··· AVAILABLE DATA ···

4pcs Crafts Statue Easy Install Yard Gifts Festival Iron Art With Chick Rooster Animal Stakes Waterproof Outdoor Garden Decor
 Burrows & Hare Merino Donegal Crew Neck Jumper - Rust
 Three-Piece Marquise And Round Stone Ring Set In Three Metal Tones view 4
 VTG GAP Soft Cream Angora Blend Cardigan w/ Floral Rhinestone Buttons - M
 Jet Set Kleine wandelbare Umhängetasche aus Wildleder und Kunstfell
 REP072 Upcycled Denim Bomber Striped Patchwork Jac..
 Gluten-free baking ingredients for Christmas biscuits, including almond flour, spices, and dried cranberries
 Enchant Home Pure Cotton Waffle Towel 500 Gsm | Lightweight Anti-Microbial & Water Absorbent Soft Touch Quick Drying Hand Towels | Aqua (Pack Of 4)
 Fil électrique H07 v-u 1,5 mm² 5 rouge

···

__PROBLEM REQUIREMENTS__. Wherever a line above contains the string "Soft", copy that line.

__OUTPUT FOR THIS TASK__.
 VTG GAP Soft Cream Angora Blend Cardigan w/ Floral Rhinestone Buttons - M
 Enchant Home Pure Cotton Waffle Towel 500 Gsm | Lightweight Anti-Microbial & Water Absorbent Soft Touch Quick Drying Hand Towels | Aqua (Pack Of 4)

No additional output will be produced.